Net profit for the three months through September rose 3% to
39.5 billion yuan ($6.18 billion), the company said in a statement. This beat
analyst expectations who were predicting a decline, according to Refinitiv
data.
Revenue climbed 13% to 142.4 billion yuan, slightly below
expectations, and was the slowest quarterly growth since the company went
public in 2004, Refinitiv data showed.
China's largest company by market value was hit by new
limits on the amount of time minors can spend playing video games. The
government has not approved any new games since August.
Beijing's year-long crackdown on its once-freewheeling
internet industry has punished well-known companies for engaging in what were
previously considered regular market practices, wiping billions of dollars off
their market values.
"During the third quarter, the internet industry,
including the domestic games industry, and certain advertiser categories,
adapted to new regulatory and macroeconomic developments," Tencent's
chairman and CEO, Pony Ma, said in a statement.

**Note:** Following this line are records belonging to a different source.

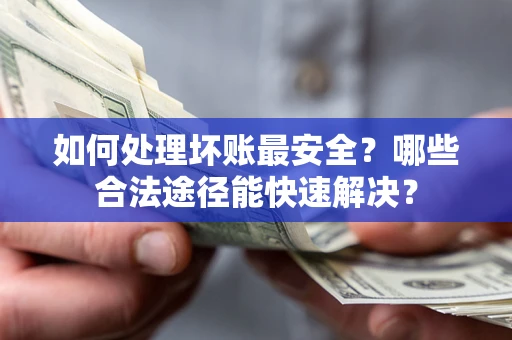 武汉如何处理坏账最安全？哪些合法途径能快速解决？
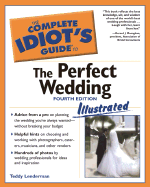The Perfect Wedding: Illustrated: the Complete Idiot's Guide to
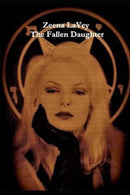 Zeena LaVey - The Fallen Daughter-9798486960703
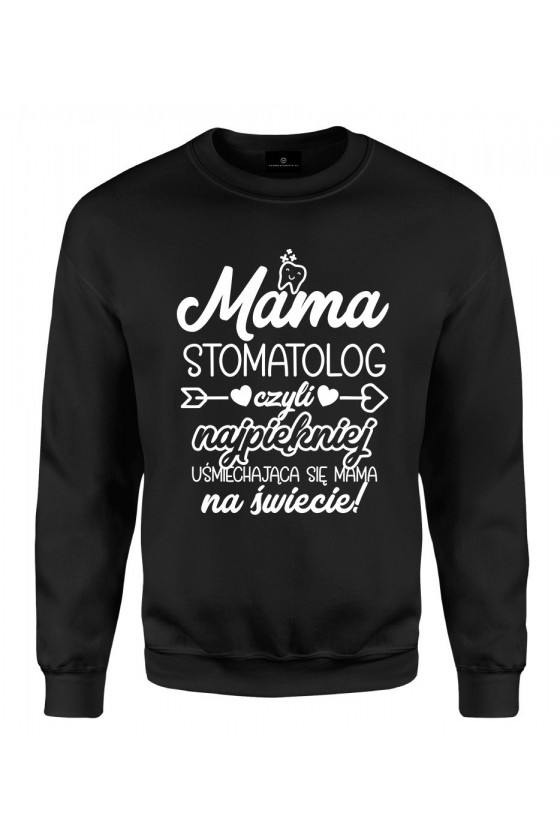 Bluza klasyczna Mama Stomatolog czyli najpiękniej uśmiechająca się mama na świecie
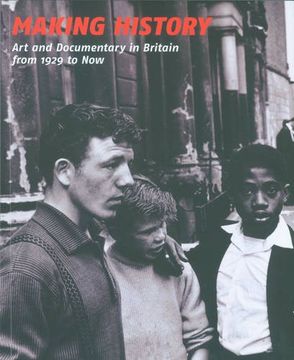 portada Making History: Art and Documentary f: Art and Documentary From 1929 to now 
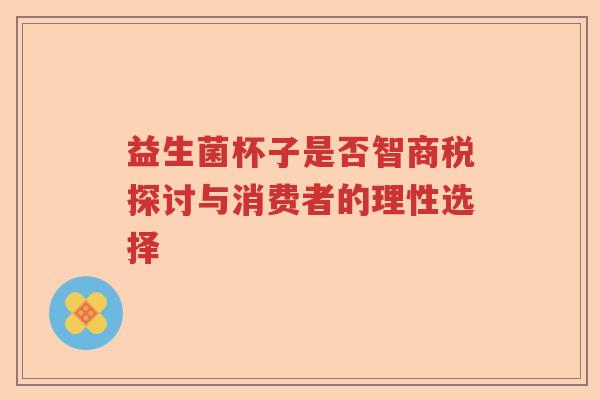 益生菌杯子是否智商税探讨与消费者的理性选择
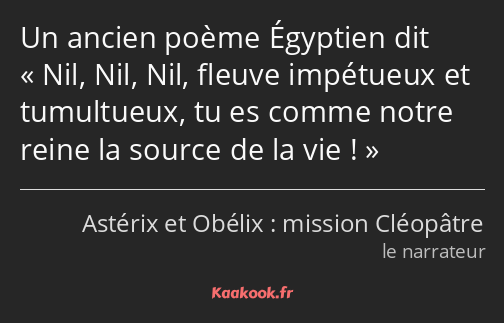 Un ancien poème Égyptien dit Nil, Nil, Nil, fleuve impétueux et tumultueux, tu es comme notre reine…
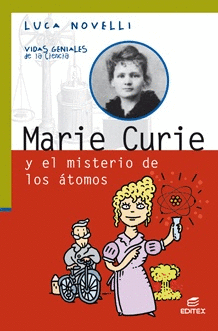 MARIE CURIE Y EL MISTERIO DE LOS TOMOS. VIDAS GENIALES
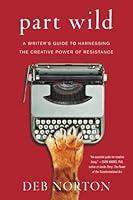 Algopix Similar Product 11 - Part Wild A Writers Guide to
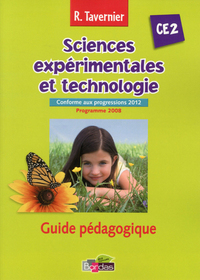 Image de Tavernier Sciences expérimentales et technologie CE2 2013 Guide pédagogique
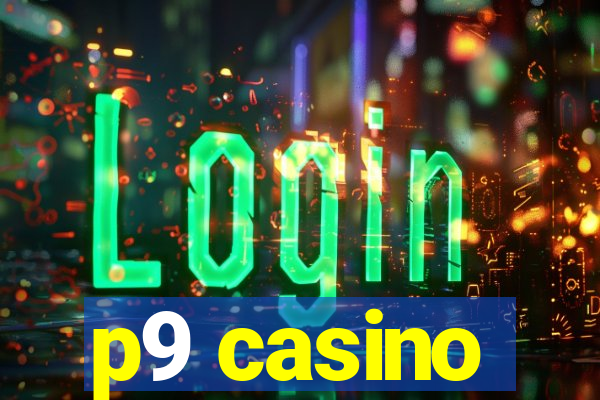 p9 casino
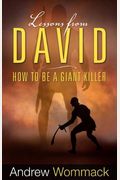 Lessons From David: How To Be A Giant Killer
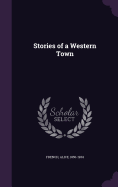 Stories of a Western Town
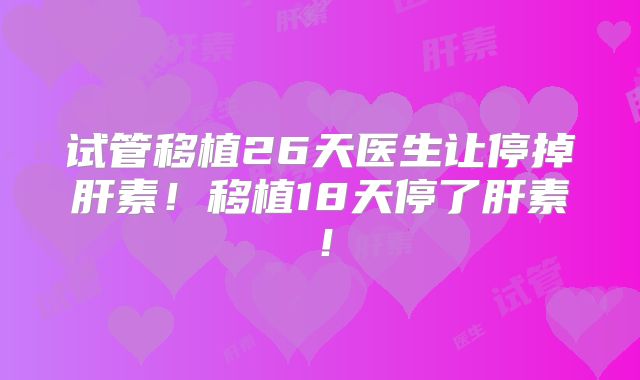 试管移植26天医生让停掉肝素！移植18天停了肝素！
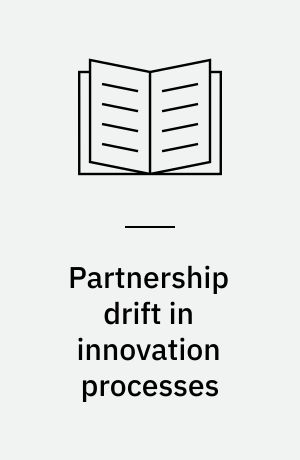 Partnership drift in innovation processes : a study of the Think City : a thesis submitted in fulfillment of the requirements for the degree of Doctor of Philosophy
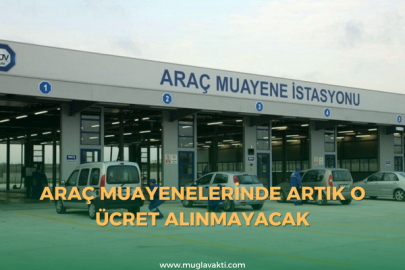 Araç muayenelerinde artık o ücret alınmayacak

"We are proactively embracing the new regulatory
environment which we believe should contribute to a more sustainable
development path for the industry," he said.
Sales from mobile games rose 9%, the owner of games such as
"Honor of Kings" and "PUBG mobile" said in a statement.
Tencent said minors accounted for 0.7% of domestic games
time in September this year, down from 6.4% in September 2020, after the
government's new limits came into force at the beginning of that month.
The regulatory crackdown has also hit tutoring centres and
the medical beauty industry and curbed appetite from such industries for
advertising.
Tencent said its advertising revenue growth rate slowed in
the period, citing such regulatory factors as well as macro challenges. It
expected advertising pricing industry-wide to remain soft for several quarters
but said the industry should adjust next year, it said.
Tencent has shed nearly 18% of its market value this year
versus a 9% decline in the broader market.